[WHAT THIS TASK INVOLVES] Please print the entries below exactly, from the line with "Синий Мазда 3, объемом" through the line with "A Pair of Three", including both of those lines and leaving out all others.

[INPUT MATERIAL]

====================

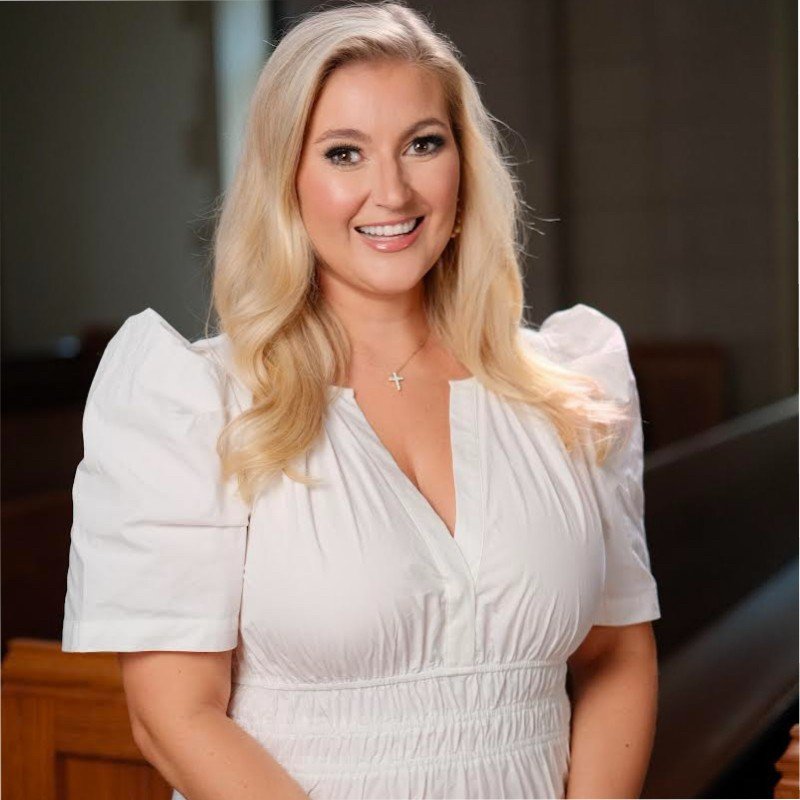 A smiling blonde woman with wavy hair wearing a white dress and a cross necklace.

====================

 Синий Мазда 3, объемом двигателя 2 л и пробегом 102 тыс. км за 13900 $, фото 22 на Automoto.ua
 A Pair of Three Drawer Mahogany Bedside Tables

====================

[RESPONSE]
 Синий Мазда 3, объемом двигателя 2 л и пробегом 102 тыс. км за 13900 $, фото 22 на Automoto.ua
 A Pair of Three Drawer Mahogany Bedside Tables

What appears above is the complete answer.